- [Exercise objective]
Copy the data below exactly, omitting any picture it contains.

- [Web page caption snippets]
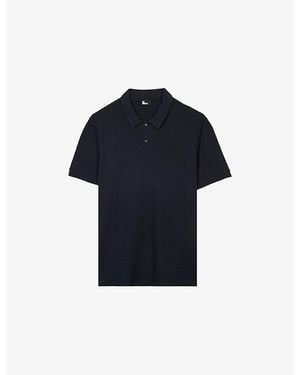 The Kooples Brand-Embroidered Honeycomb Stretch-Cotton Polo Shirt - Blue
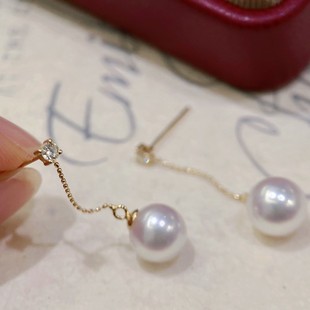 18K Gold Accessories Beads Diamond Earrings Diamond Inlay Reference Beads 7-8mm Diamond 0.1 Carat Without Beads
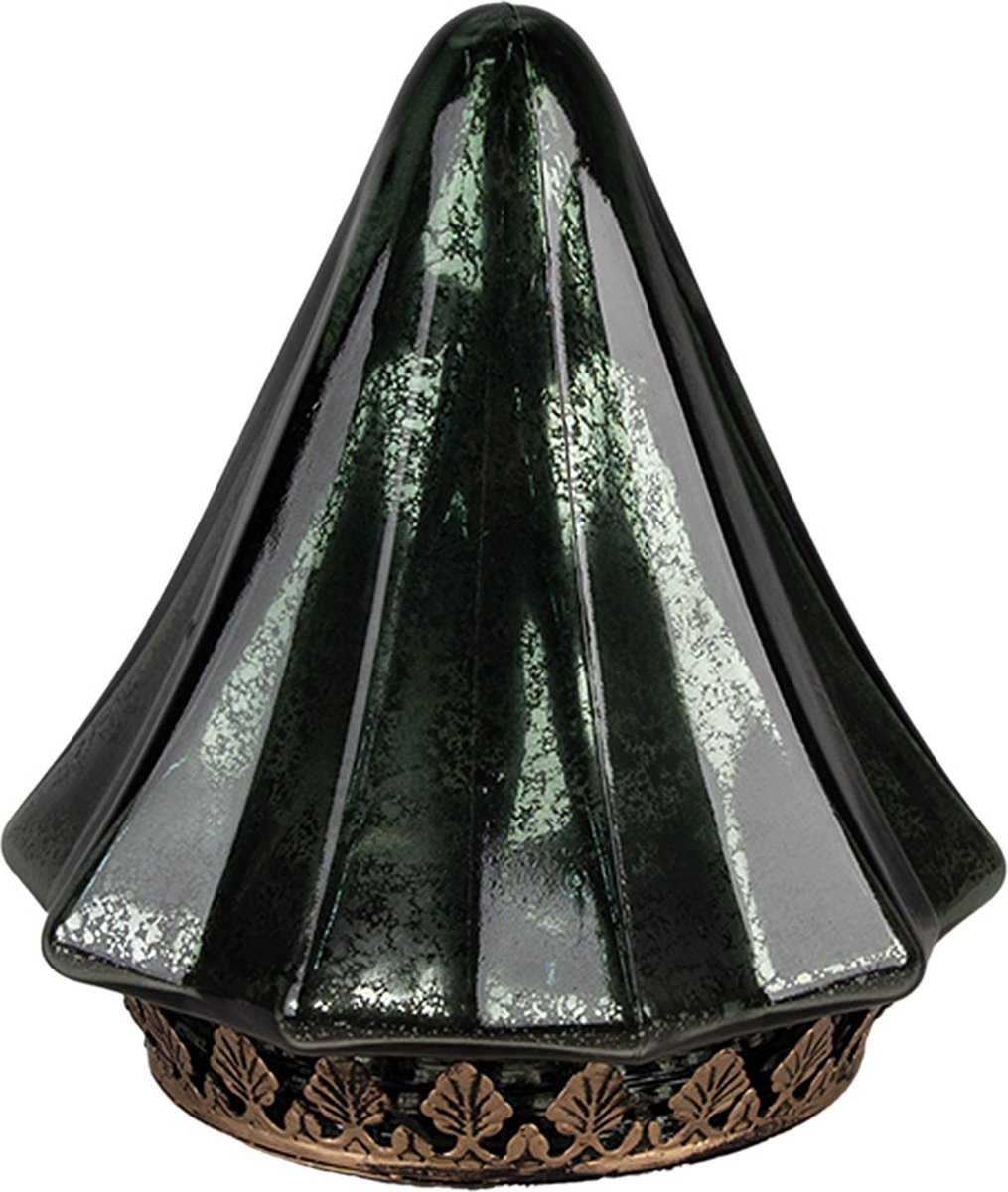 Kerstdecoratie met LED-verlichting Kerstboom Ø 14x16 cm Groen Glas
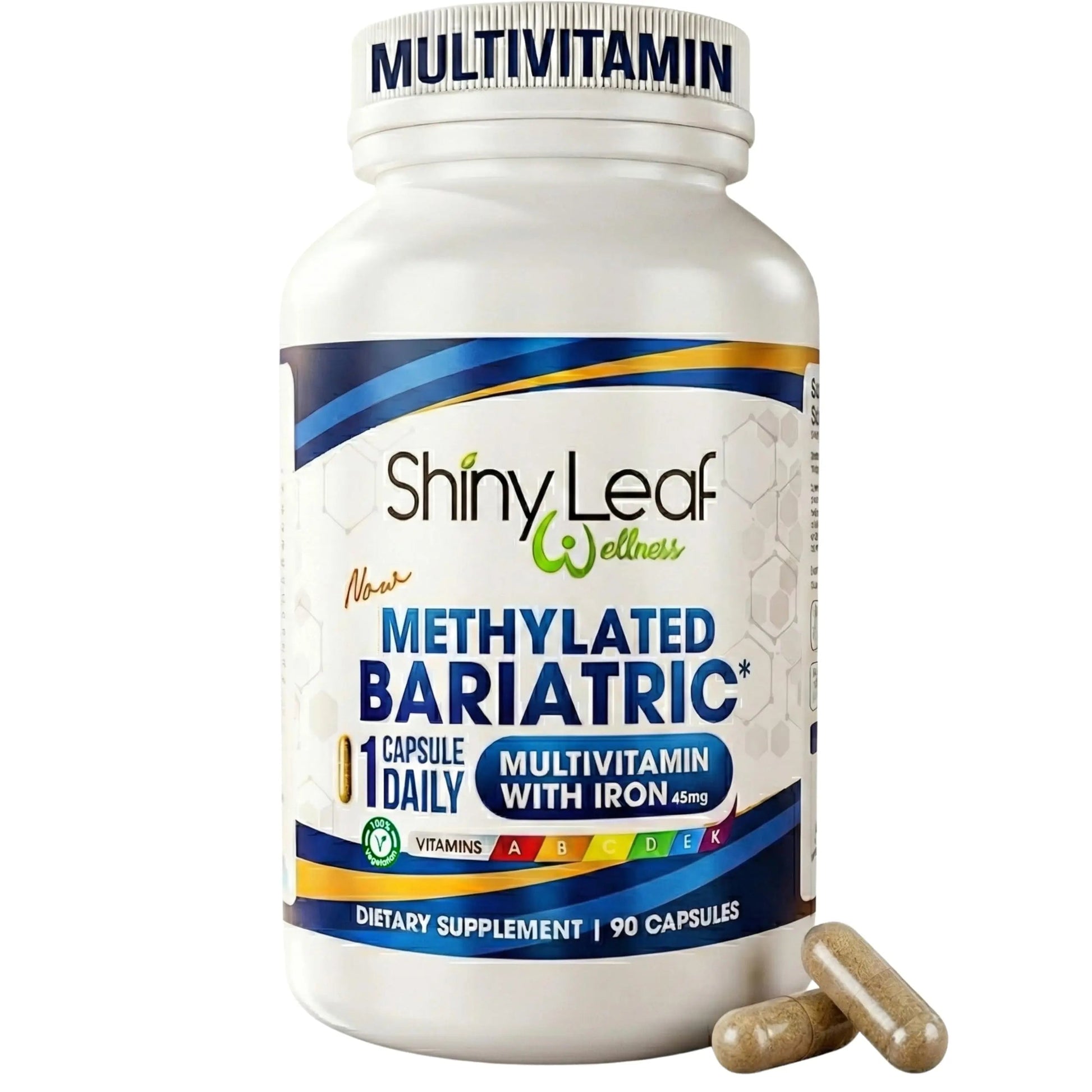 Shiny Leaf Methylated Bariatric Multivitamin with Iron 45mg – Once Daily Capsule, Made in USA, ASMBS Compliant Bariatric Vitamins Shiny LeafBuy Supplements Australia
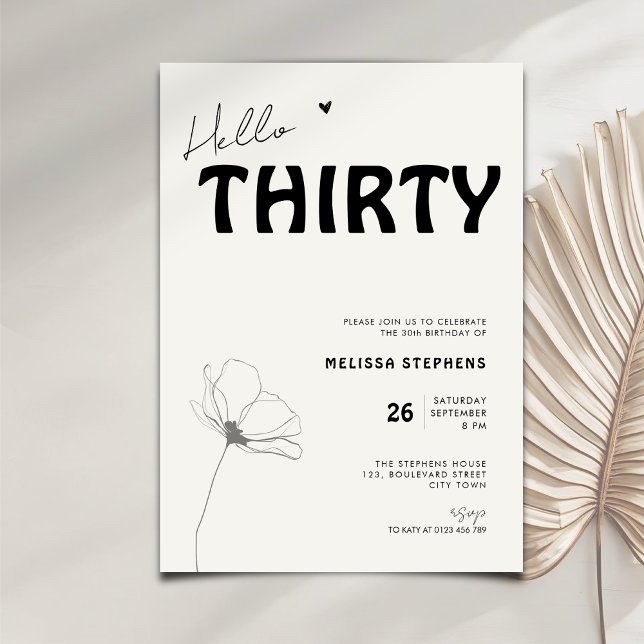 Invitación Elegante Hello Thirty Tipografía Negrita Cumpleaño (Subido por el creador)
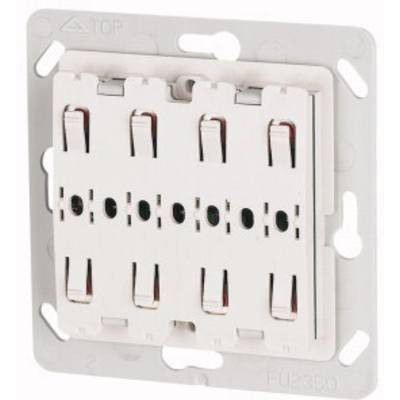 Electrical switch with multiple toggle switches, rectangular design, white surface, suitable for wall mounting.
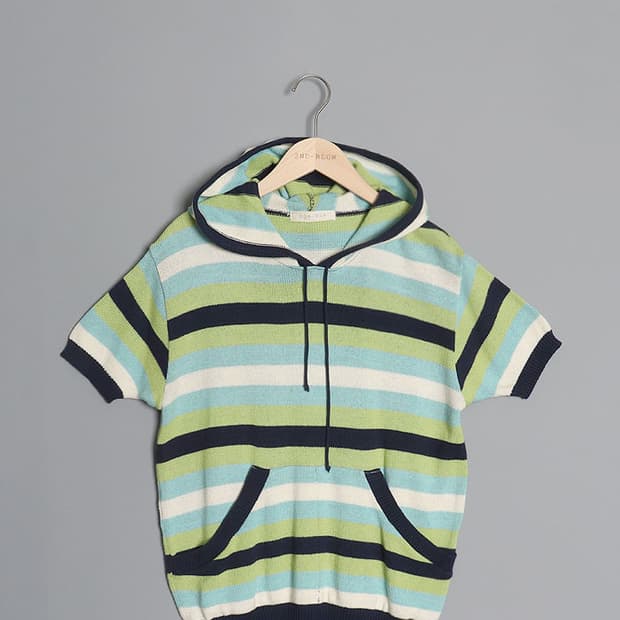 BONJOUR Border Knit Hoodie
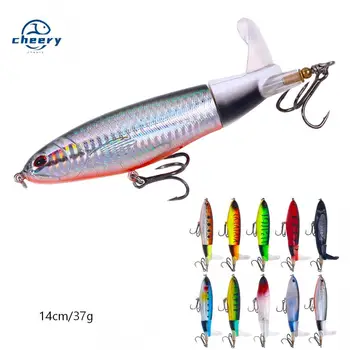 CHEERY 14cm 37g Wobblers Top Water Popper Fishing Lure Hard Bait Rotating Soft Tail Fishing Tackle Whopper Plopper – Soft Lure – view 2
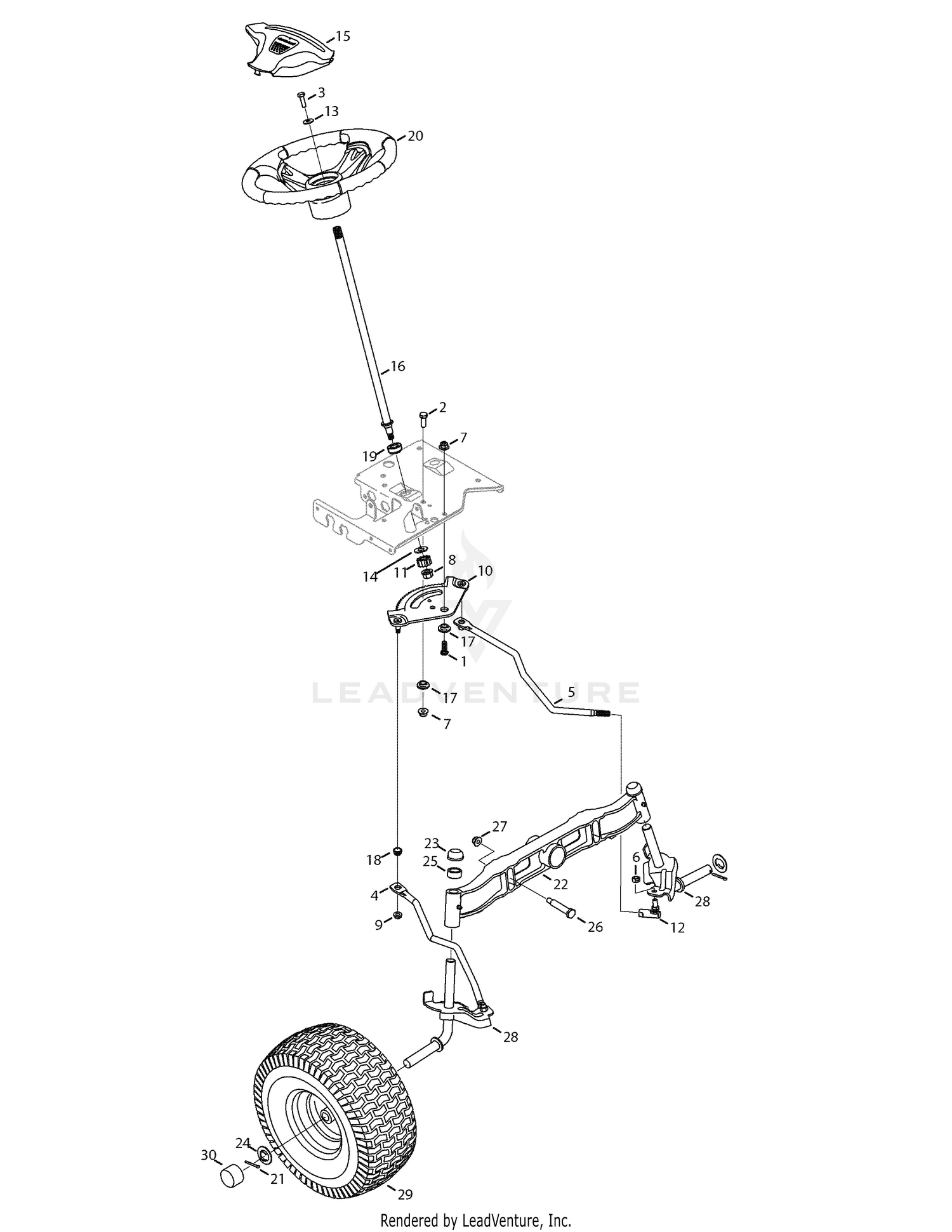 Cub Cadet LT1042 Tractor 2008 after 13AX11CG010 Steering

- [Written response]
 The Kooples Brand-Embroidered Honeycomb Stretch-Cotton Polo Shirt - Blue
 18K Gold Accessories Beads Diamond Earrings Diamond Inlay Reference Beads 7-8mm Diamond 0.1 Carat Without Beads
 Kerstdecoratie met LED-verlichting Kerstboom Ø 14x16 cm Groen Glas
 Shiny Leaf Methylated Bariatric Multivitamin with Iron 45mg – Once Daily Capsule, Made in USA, ASMBS Compliant Bariatric Vitamins Shiny LeafBuy Supplements Australia
 Invitación Elegante Hello Thirty Tipografía Negrita Cumpleaño (Subido por el creador)
 Electrical switch with multiple toggle switches, rectangular design, white surface, suitable for wall mounting.
 BONJOUR Border Knit Hoodie
 CHEERY 14cm 37g Wobblers Top Water Popper Fishing Lure Hard Bait Rotating Soft Tail Fishing Tackle Whopper Plopper – Soft Lure – view 2
 Cub Cadet LT1042 Tractor 2008 after 13AX11CG010 Steering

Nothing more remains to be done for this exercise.